Not only does Houston have such a capricious climate, but it also, for the most part, has only two seasons—summer and winter. If you really think that you are going to experience spring or autumn here, I must sincerely regret your loss. As I struggle through my classes every semester, I would often find myself surrounded by the characteristic Houston heat and humidity on one day and freezing to an ice cube on the other. If you would like to have a taste of spring or fall in Houston, your best bet would be to put on all your winter clothes on a cold day so that what you feel might roughly approximate what you feel during those seasons in a city that has a more benign climate.

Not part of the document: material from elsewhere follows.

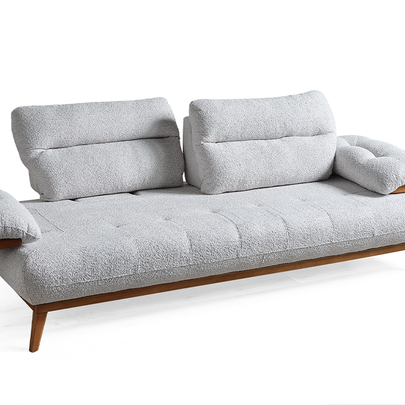 Bugatti  Krem Coco Kumaş Modern Koltuk Takımı, Ahşap Detaylı Konforlu Tasarım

Therefore, to get the best out of Houston’s erratic climate, you should probably bring clothes for all four seasons: only so can you use clever combinations to experience whatever you want when there are only two alternating seasons. Also bring with you protective equipment such as raincoats and rainboots: after living here for a year, you would not be surprised when Houston transforms from a desert into a swamp overnight. Lastly, although I’ve said a lot of scary things about the weather in Houston, it does occasionally afford nice days that are good for field trips and hangouts, so definitely take advantage of them when such opportunities arise!

The Thing About Rice’s Courses

Walking out of Herzstein Hall Amphitheater with a cinnamon donut on my hand, I breathed in the cold air and let out a long sigh–the COMP midterm’s finally over.

COMP 182 is the most daunting computer science major requirement course for Rice freshmen as it has been regarded as one of the most time-consuming and difficult CS core course. Over the past years, creative students had made interesting comments about it: “It’s a good thing this course is offered in the Spring only. If it were offered in the Fall, some freshmen students might still be under 18, and then this course would be considered child abuse. (A COMP 182 student, Spring 2015).” With that being said, I had just had my COMP 182 midterm exam yesterday. Sitting in front of my desk last night, I couldn’t help letting my mind flashback to see how far I’d gone through this notoriously difficult class: I had been staying up late debugging my homework for three days without having a single clue what I did wrong, I had gone through multiple TA sessions in a week but still couldn’t think of the correct proof (yes COMP 182 covers not only programming, but also discrete mathematics), and I had to sacrifice all my leisure time studying at Fondren library for the midterm. It seems a little bit discouraging, isn’t it?

However, now that I had gone through the test, I realized how much I’d learned from this class. Not just Python or coding in general, but also how to write a rigorous mathematical proof and reasoning the correctness of the algorithms. Moreover, the coding projects that we did every two weeks are related to solving real problems in the world, like computing an epidemic outbreak in the hospital. They gave a great insight as to what computer scientists do and how they approach problems that seem unrelated to computer science but can be solved using computational thinking skills. It made me realize that computer science is not only about coding. More importantly, it is about the way we approach to problem solving–decomposing a major problem and coming up with solutions to sub-problems.

In fact, this is the beauty of most Rice classes. They are not designed to make you pass them easily. Instead, they are there to challenge you, to question you, to make you learn, and eventually to better you. Of course there can be some discouraging moment when you think you can’t keep up, but there are always people who are willing to help you: besides your friends and classmates, there are TAs (32 TAs in COMP 182) and professors who are there to answer your questions. In other words, the instructors don’t just assign extremely difficult questions and let you struggle alone. On the contrary, they want to help you learn the difficult concepts that will benefit you in the future.

With that being said, although I’m struggling at COMP 182, I’ll still keep on learning. It’s the spirit of Rice academics and the main reason why I love Rice.